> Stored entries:
_ _ _
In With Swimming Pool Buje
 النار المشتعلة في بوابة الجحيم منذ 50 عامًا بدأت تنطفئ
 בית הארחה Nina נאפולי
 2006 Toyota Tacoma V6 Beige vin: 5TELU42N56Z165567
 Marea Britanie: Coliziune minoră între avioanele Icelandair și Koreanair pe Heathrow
_ _ _
> TO DO: Would you copy exactly the lines from the one that contains "בית הארחה Nina נאפולי" through the final line of the records above, including both?

> OUTPUT OF THE TASK:
 בית הארחה Nina נאפולי
 2006 Toyota Tacoma V6 Beige vin: 5TELU42N56Z165567
 Marea Britanie: Coliziune minoră între avioanele Icelandair și Koreanair pe Heathrow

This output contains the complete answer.